Task data section start
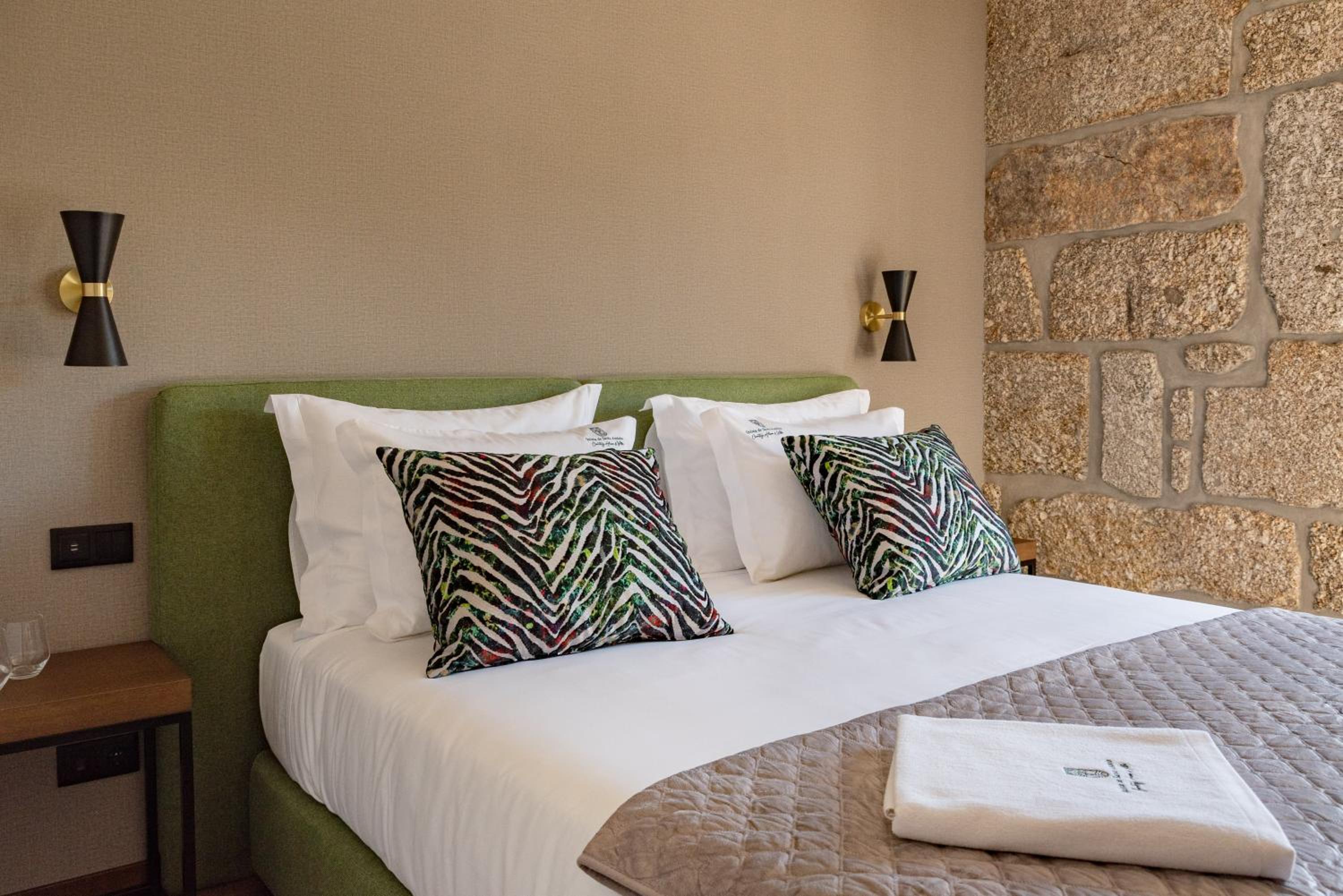 Deluxe Double or Twin Room - Photo 6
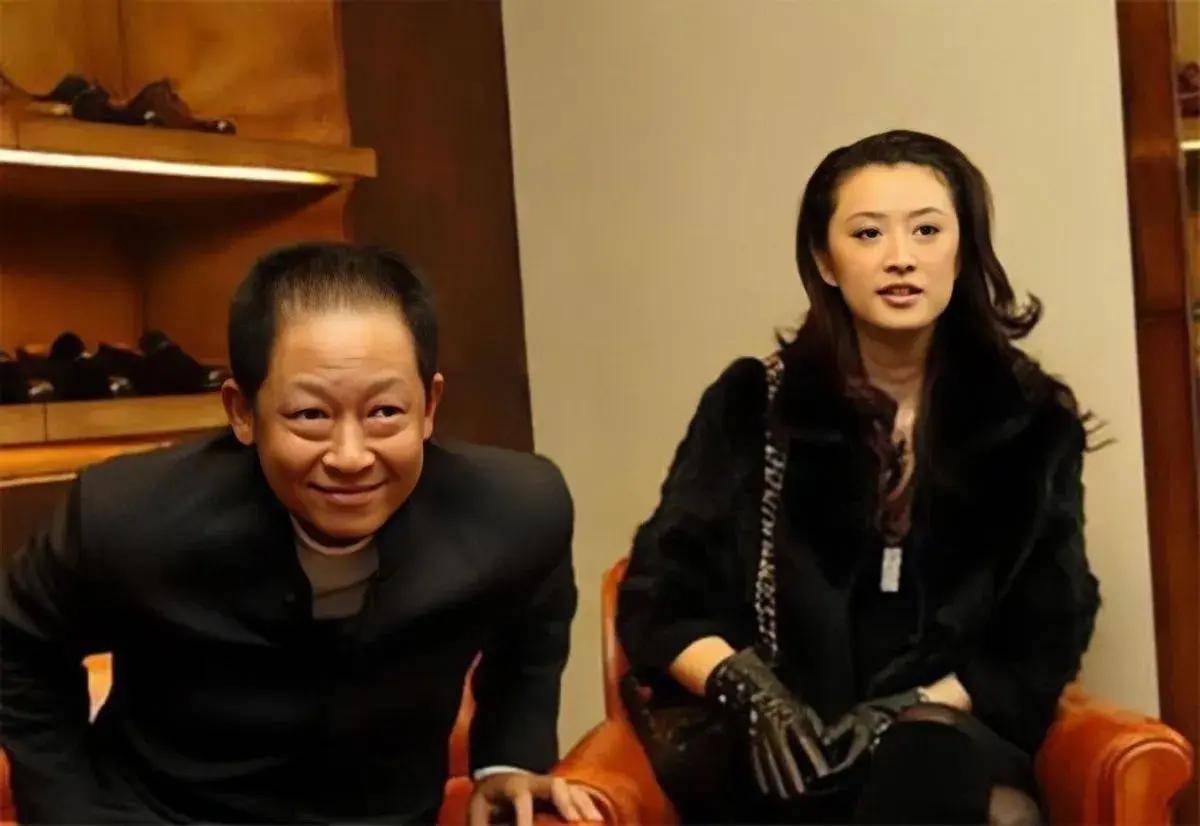 厉害,34岁才结婚,丈夫对她1见钟情改花心专情14年_陈坚红_王志文_工作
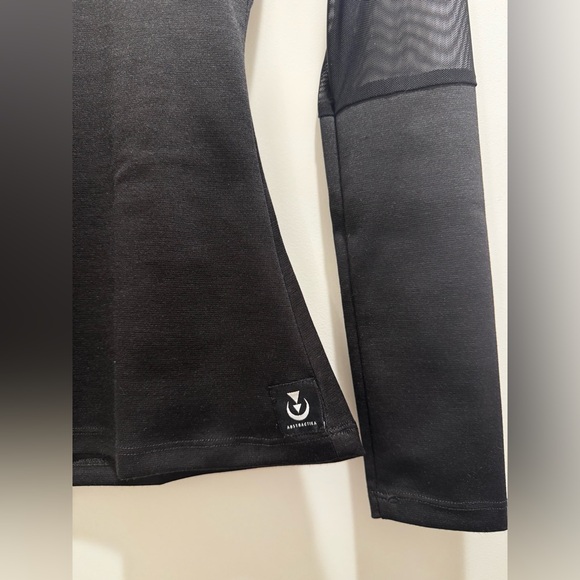 ABSTRÁCTIKA CRAFTS Mesh Mock Neck Futuristic Top - Picture 7 of 8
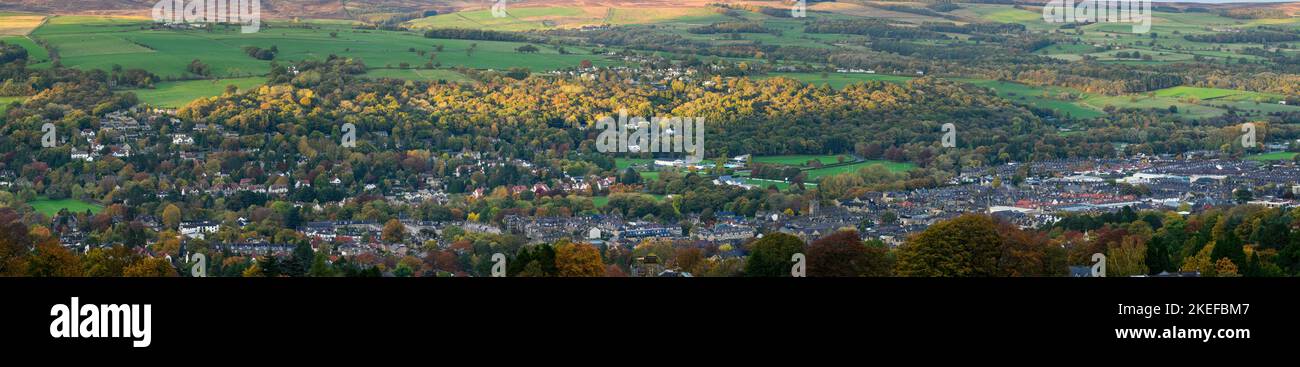 Vue panoramique sur la ville d'Ilkley (village niché dans la vallée, emplacement pittoresque, endroit idyllique pour vivre) - West Yorkshire, Angleterre, Royaume-Uni. Banque D'Images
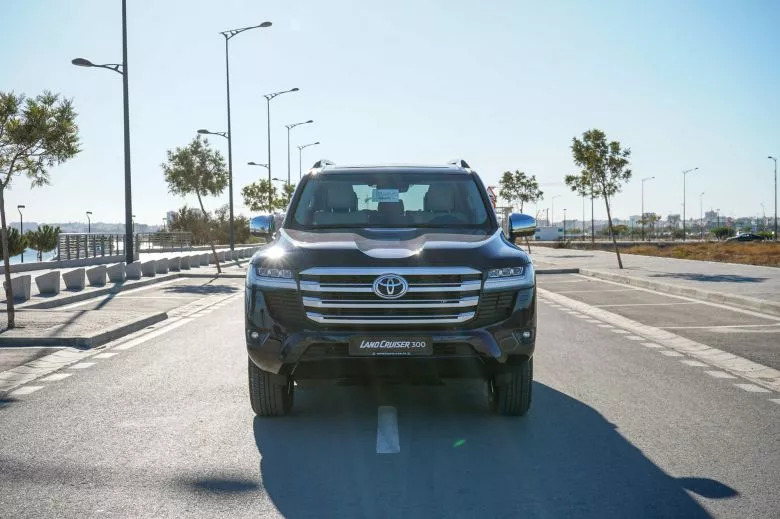 Toyota Land Cruiser 300 3.3 L V6 Bi-Turbo Diesel 4WD VX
Task data section end
▶ [What you are asked to do]
Pictures stay out; copy every entry above exactly.

▶ [Solution to the exercise]
 Deluxe Double or Twin Room - Photo 6
 厉害,34岁才结婚,丈夫对她1见钟情改花心专情14年_陈坚红_王志文_工作
 ABSTRÁCTIKA CRAFTS Mesh Mock Neck Futuristic Top - Picture 7 of 8
 Vue panoramique sur la ville d'Ilkley (village niché dans la vallée, emplacement pittoresque, endroit idyllique pour vivre) - West Yorkshire, Angleterre, Royaume-Uni. Banque D'Images
 Toyota Land Cruiser 300 3.3 L V6 Bi-Turbo Diesel 4WD VX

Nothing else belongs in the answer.